Mastriano indicated he intends to push for the Republican-controlled legislature to appoint its own delegates should the election be shown to have been “compromised,” rather than allow the disputed results, which show Democrat Joe Biden winning the state, to stand.
“Therefore, we are introducing a Resolution to exercise our obligation and authority to appoint delegates to the Electoral College,” he tweeted.
President Donald Trump’s legal team has alleged widespread election fraud in the state. While there have been multiple alleged instances of voting irregularities in Pennsylvania and elsewhere, proof has yet to surface of widespread nefarious activity that affected the final results of the presidential election.
The Pennsylvania Republican made the announcement on Twitter a day after a Pennsylvania judge defended her decision to order a temporary halt to any actions to certify the state’s 2020 presidential election results pending a hearing on a lawsuit that seeks to void millions of potentially unconstitutional mail-in ballots.
Commonwealth Court Judge Patricia McCullough explained her reasoning for halting the certification process in a memorandum opinion on Friday.
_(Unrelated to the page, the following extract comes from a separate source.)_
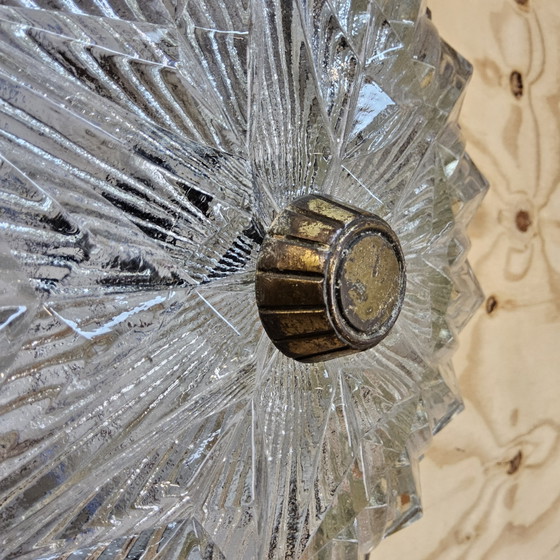Image 1 of Vintage Ceiling Lamp with Cut Glass and Brass Rim (40cm)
Her Wednesday ruling had recognized legal issues with the mail-in ballots, rather than any arguments pertaining to alleged voter fraud.
A group of state Republicans, including Rep. Mike Kelly and 2020 congressional candidate Sean Parnell, filed a lawsuit claiming the state’s 2019 expansion of “no-excuse” mail-in voting “violated the state constitution’s limits on who can cast an absentee ballot,” Law360 reported.
“Petitioners appear to have established a likelihood to succeed on the merits because Petitioners have asserted the Constitution does not provide a mechanism for the legislature to allow for expansion of absentee voting without a constitutional amendment,” McCullough wrote Friday.
“Since this presents an issue of law which has already been thoroughly briefed by the parties, this Court can state that Petitioners have a likelihood of success on the merits of its Pennsylvania Constitutional claim.”
Under Pennsylvania law, any voter can choose to vote by mail, but to qualify for an absentee ballot, Pennsylvania voters must provide a valid reason to request such a ballot.
Act 77, which was signed into law in October 2019, created no excuse mail-in voting for all Pennsylvania voters and a 50-day period for voters to request and submit these ballots.
According to the lawsuit, these ballots should be deemed “unconstitutional” because Act 77 overrides legal limitations on absentee voting.
“Act 77 is the most expansive and fundamental change to the Pennsylvania voting code, implemented illegally, to date,” the plaintiffs wrote.
“[It] is another illegal attempt to override the limitations on absentee voting prescribed in the Pennsylvania Constitution, without first following the necessary procedure to amend the constitution to allow for the expansion.”